** Source information **
-------------------------
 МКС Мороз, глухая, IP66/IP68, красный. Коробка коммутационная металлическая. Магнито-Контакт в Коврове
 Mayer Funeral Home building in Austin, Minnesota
-------------------------
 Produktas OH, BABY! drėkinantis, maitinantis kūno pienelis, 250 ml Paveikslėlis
-------------------------
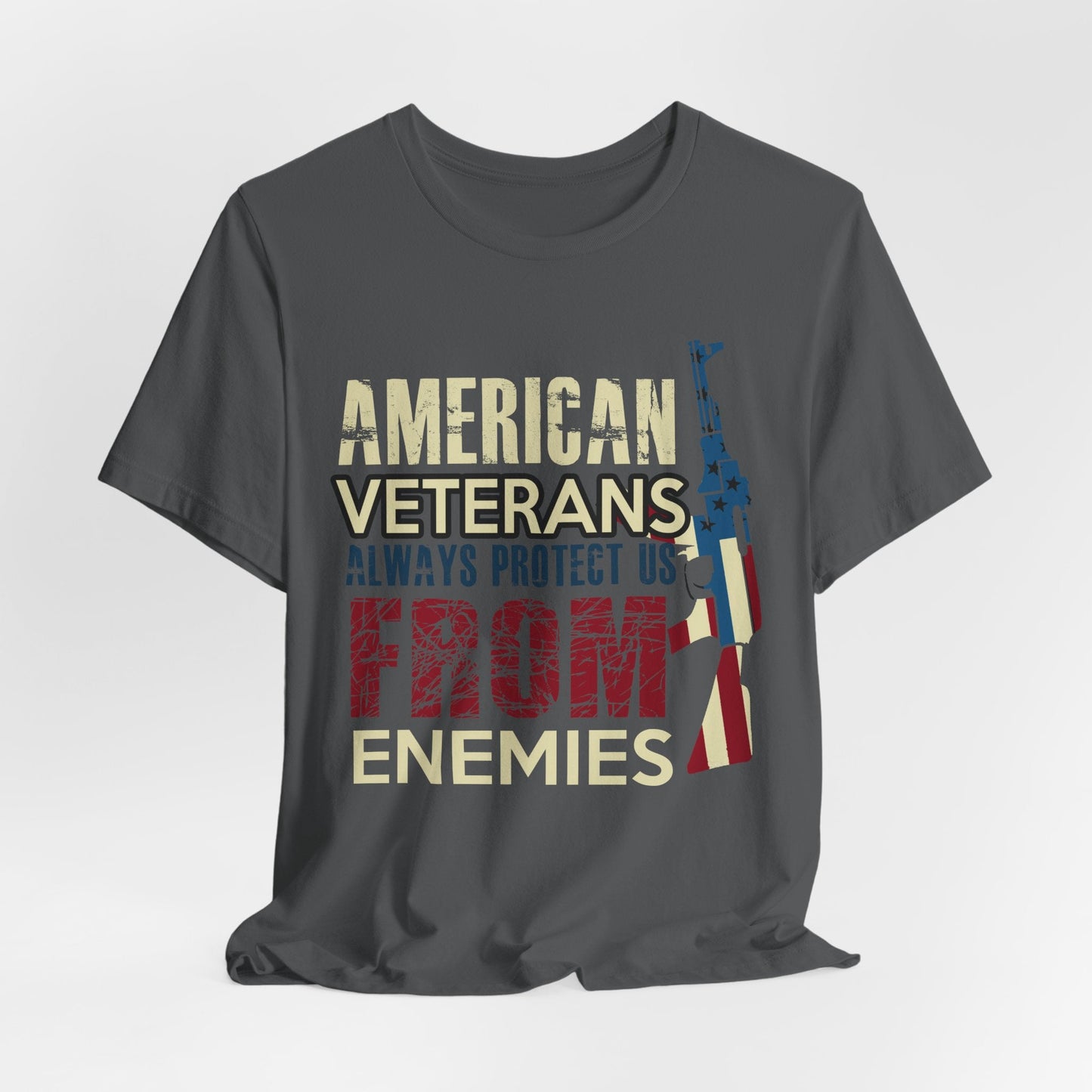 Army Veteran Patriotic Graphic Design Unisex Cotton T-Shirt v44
-------------------------
** What the exercise asks **
Output exactly one stretch of the listing: from the line containing "МКС Мороз, глухая, IP66/IP68, красный." through the line containing "Mayer Funeral Home", both end lines included.

** Exercise solution **
 МКС Мороз, глухая, IP66/IP68, красный. Коробка коммутационная металлическая. Магнито-Контакт в Коврове
 Mayer Funeral Home building in Austin, Minnesota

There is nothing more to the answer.